São as seguintes as categorias de azeite:
- Azeite virgem
a) Azeite virgem extra
b ) Azeite virgem
c) Azeite lampante - Azeite
- Azeite refinado
Segundo o Regulamento CEE 2568/91 entende-se como azeite virgem, o produto obtido da azeitona por processos exclusivamente mecânicos (pressão ou centrifugação) em condições térmicas controladas. Os azeites virgens são pois, gorduras naturais obtidas sem uso de qualquer substância
química o que os distingue de óleos alimentares que são refinados e obtidos com recurso a produtos químicos diversos. Na categoria de azeite virgem existem 3 tipos: azeite virgem extra, azeite virgem e azeite lampante, não podendo este último ser comercializado no retalho.
Para além dos azeites virgens, existem as categorias de azeite refinado e azeite.
O azeite refinado, como o próprio nome indica, é obtido por refinação de azeites de qualidade inferior, em regra por refinação de azeite lampante. Esta operação visa retirar componentes prejudiciais, como sejam a elevada acidez ou aromas e sabores indesejáveis. Contudo, embora a composição em ácidos gordos se mantenha, a operação de refinação retira, no todo ou em parte, componentes responsáveis pelas propriedades benéficas dos azeites virgens, como sejam a vitamina E ou os antioxidantes. Em Portugal o azeite refinado não pode ser vendido ao consumidor final.

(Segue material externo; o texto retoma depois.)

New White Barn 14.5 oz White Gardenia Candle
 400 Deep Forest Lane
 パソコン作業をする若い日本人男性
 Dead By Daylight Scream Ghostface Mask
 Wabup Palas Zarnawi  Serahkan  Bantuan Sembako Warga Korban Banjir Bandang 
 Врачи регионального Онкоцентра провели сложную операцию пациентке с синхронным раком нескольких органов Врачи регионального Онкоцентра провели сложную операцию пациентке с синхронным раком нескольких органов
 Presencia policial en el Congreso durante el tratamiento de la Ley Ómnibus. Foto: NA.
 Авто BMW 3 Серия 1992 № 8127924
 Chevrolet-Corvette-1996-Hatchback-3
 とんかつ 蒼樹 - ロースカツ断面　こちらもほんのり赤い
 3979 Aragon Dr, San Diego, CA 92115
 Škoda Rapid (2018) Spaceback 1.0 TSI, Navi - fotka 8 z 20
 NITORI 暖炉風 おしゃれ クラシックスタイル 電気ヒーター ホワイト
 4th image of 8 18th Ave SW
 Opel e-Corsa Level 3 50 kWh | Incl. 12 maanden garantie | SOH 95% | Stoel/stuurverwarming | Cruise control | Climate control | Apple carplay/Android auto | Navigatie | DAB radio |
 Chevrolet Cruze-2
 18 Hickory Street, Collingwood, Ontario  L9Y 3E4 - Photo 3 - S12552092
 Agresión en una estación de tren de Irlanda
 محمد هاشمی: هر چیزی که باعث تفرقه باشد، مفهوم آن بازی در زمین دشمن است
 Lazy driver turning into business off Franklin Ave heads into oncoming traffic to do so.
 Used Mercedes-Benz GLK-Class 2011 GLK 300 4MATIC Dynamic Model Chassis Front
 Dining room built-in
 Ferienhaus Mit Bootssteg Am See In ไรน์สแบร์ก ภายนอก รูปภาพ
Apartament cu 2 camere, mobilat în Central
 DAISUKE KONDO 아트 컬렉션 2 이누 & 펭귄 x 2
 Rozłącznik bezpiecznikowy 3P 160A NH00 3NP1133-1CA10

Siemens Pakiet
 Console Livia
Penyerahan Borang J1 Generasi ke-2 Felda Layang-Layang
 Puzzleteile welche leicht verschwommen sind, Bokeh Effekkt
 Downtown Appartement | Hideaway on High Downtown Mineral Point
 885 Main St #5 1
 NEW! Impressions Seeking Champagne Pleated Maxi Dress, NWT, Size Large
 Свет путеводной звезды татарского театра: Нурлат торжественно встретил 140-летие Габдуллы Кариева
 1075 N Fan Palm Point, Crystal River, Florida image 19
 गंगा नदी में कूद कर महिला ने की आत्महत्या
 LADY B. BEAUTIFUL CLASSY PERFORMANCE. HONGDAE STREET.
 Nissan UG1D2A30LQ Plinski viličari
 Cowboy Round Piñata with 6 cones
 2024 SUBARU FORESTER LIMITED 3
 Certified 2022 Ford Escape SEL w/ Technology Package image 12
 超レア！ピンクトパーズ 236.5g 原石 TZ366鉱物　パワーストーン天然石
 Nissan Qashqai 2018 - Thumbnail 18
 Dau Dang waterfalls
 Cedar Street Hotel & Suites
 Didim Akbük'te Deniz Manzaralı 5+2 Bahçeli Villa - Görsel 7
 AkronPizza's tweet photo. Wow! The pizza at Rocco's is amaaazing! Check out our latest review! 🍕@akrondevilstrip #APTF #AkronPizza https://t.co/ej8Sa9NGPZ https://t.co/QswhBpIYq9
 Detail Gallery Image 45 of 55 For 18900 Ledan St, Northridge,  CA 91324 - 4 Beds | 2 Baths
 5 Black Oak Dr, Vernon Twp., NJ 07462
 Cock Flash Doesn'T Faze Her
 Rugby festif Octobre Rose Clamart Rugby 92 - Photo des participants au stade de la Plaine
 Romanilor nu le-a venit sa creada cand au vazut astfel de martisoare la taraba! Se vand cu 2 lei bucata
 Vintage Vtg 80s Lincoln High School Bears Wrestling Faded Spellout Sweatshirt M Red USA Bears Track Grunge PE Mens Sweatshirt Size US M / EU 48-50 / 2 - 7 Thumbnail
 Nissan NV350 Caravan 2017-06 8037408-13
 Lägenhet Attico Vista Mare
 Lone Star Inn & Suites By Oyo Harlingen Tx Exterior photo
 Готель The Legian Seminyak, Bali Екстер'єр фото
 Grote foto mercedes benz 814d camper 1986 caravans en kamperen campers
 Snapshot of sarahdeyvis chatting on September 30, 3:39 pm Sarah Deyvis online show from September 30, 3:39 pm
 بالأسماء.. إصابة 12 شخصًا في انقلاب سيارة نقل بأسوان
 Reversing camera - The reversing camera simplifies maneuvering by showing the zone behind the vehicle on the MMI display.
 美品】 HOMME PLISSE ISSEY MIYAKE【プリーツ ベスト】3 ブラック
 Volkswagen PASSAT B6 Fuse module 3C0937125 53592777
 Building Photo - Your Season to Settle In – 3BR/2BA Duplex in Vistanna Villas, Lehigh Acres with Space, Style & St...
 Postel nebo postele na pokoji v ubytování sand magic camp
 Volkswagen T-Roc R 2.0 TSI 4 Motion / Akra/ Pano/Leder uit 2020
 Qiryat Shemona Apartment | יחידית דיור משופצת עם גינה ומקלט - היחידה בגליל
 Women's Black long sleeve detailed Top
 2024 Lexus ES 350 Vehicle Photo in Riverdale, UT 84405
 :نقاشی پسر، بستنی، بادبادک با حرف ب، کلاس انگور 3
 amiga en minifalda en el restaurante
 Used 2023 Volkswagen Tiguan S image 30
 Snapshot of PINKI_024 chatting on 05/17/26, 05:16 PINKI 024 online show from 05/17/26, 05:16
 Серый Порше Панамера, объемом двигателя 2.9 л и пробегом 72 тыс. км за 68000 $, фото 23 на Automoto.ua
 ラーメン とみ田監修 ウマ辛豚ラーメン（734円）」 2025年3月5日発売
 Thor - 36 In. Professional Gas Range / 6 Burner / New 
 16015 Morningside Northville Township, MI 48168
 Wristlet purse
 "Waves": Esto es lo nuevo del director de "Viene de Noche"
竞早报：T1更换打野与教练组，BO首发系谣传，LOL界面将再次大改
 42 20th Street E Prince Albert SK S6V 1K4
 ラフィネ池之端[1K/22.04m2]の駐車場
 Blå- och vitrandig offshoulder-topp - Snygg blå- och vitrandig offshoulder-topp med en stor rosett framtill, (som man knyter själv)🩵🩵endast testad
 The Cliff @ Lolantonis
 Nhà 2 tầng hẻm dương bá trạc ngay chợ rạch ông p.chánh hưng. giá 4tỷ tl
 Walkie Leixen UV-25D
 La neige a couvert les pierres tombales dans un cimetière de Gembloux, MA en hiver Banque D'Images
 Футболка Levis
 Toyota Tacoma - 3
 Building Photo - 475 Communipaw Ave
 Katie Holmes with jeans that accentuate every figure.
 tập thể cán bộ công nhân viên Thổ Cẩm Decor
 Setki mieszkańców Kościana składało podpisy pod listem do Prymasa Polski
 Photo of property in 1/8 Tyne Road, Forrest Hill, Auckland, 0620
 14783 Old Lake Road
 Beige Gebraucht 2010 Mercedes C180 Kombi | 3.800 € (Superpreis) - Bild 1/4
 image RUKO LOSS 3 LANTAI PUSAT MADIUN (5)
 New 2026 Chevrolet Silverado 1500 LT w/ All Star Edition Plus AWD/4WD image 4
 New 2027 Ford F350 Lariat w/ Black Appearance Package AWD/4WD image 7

O produto da categoria designada apenas por azeite é proveniente da mistura de azeite refinado com azeites virgens de menor qualidade.
As categorias de azeite distinguem-se através das suas características físico-químicas e organoléticas. Estas características estão descritas no já mencionado Regulamento CEE 2568/91 e contemplam a análise de mais de 2 dezenas de parâmetros.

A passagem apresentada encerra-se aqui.